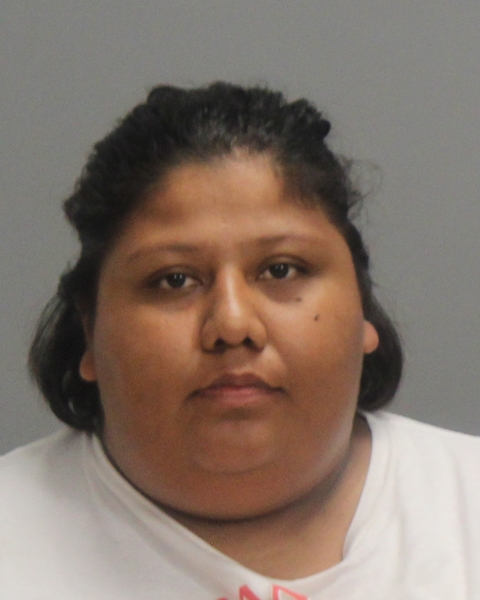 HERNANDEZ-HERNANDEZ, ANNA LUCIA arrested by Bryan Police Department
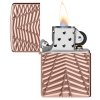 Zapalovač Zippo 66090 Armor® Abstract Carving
+ + + +
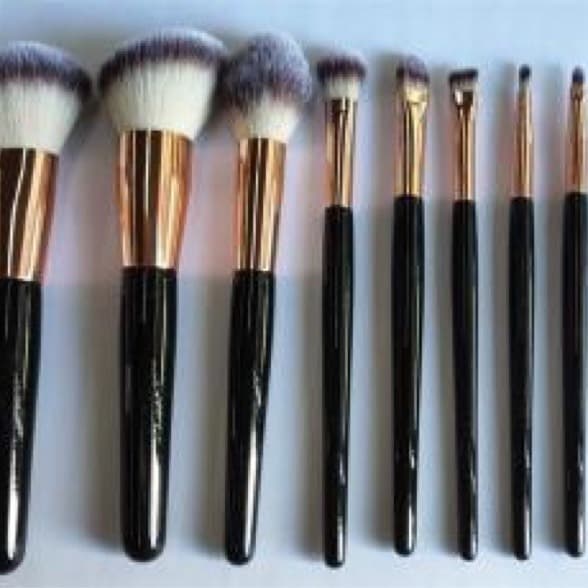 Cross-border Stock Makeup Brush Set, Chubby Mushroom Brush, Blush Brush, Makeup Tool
+ + + +
§ What you will do:
If a picture sits between the line containing "HERNANDEZ-HERNANDEZ, ANNA LUCIA" and the line containing "Zapalovač Zippo 66090", leave it out, and return the lines of that range above exactly, both ends included.

§ Worked solution:
 HERNANDEZ-HERNANDEZ, ANNA LUCIA arrested by Bryan Police Department
 Zapalovač Zippo 66090 Armor® Abstract Carving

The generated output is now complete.